The Calculation Agent’s determination of any interest rate and its calculation of interest payments for any period will be maintained on file at the Calculation Agent’s principal offices, will be made available to any Holder of the notes upon request and will be provided to the trustee.
Interest Payments
We will make each interest payment to the holders of record of the notes at the close of business on the fifteenth calendar day prior to the applicable interest payment date. Principal of and interest on the notes will be payable, and the notes will be exchangeable and transferable, at the office or agency that we have designated and maintain for such purposes, which, initially, will be the corporate trust office of the trustee located at U.S. Bank Trust Company, National Association, Global Corporate Trust Services, 111 Fillmore Avenue E., St.

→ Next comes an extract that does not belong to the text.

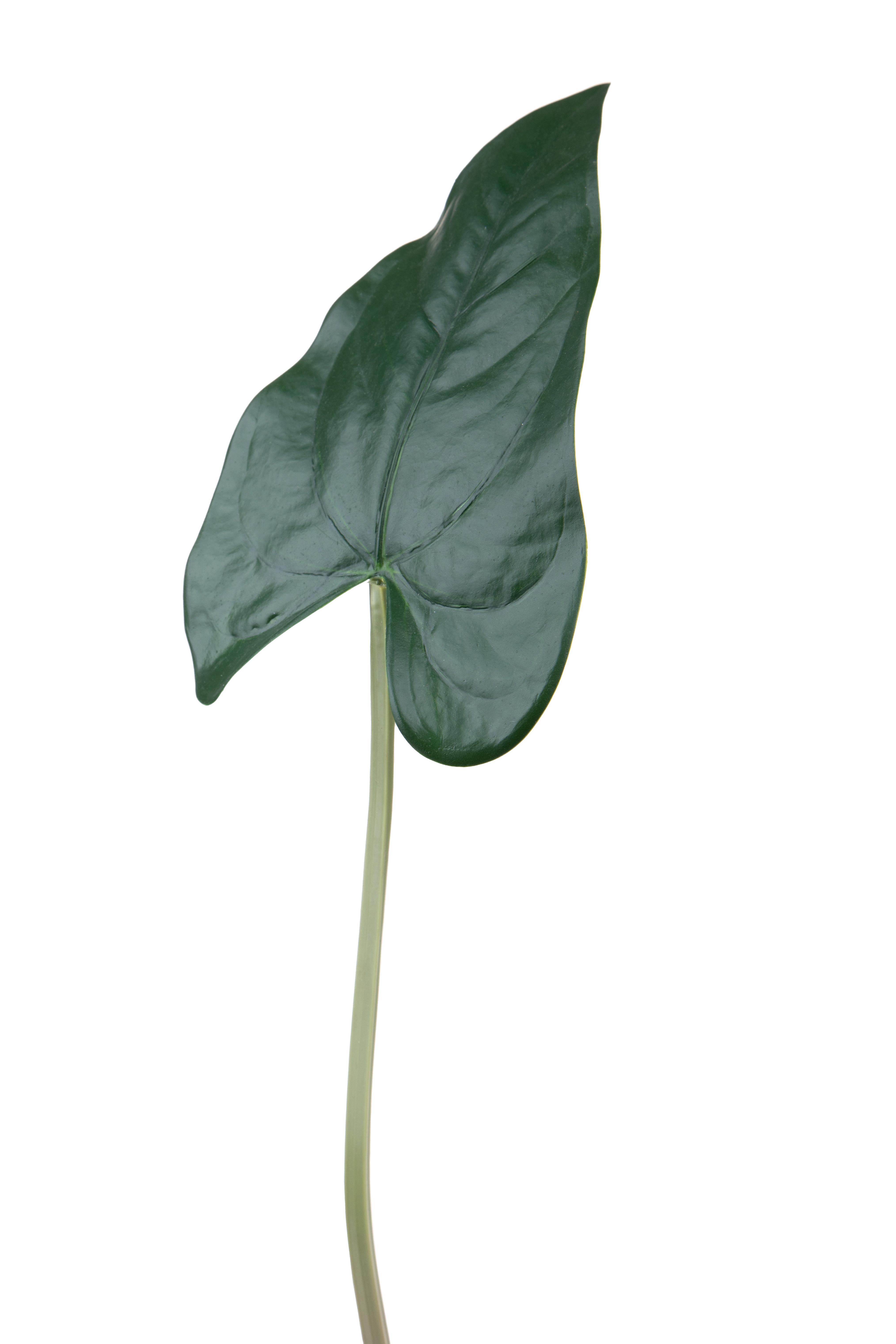 FOGLIA ANTHURIUM 55 CM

Paul, Minnesota 55107, Attention: Specialized Finance; except that payment of interest may be made at our option by check mailed or to the person entitled thereto as shown on the security register or by wire transfer to an account appropriately designated by the person entitled thereto.
Subordination
Our obligation to make any payment on account of the principal of, or interest on, the notes will be subordinate and junior in right of payment to the prior payment in full of all of our senior indebtedness. As of March 31, 2025, the Company’s subsidiaries had, in the aggregate, outstanding debt and deposits of $4.5 billion, which would rank senior to the notes. In addition, as of March 31, 2025, the Company had $88.8 million of indebtedness that would rank senior to the notes, $33.0 million, that would rank pari passu with the notes (all of which was redeemed as of June 30, 2025), and $10.3 million that would rank subordinate to the notes. The notes and the indenture do not contain any limitation on the amount of senior indebtedness that we may incur in the future.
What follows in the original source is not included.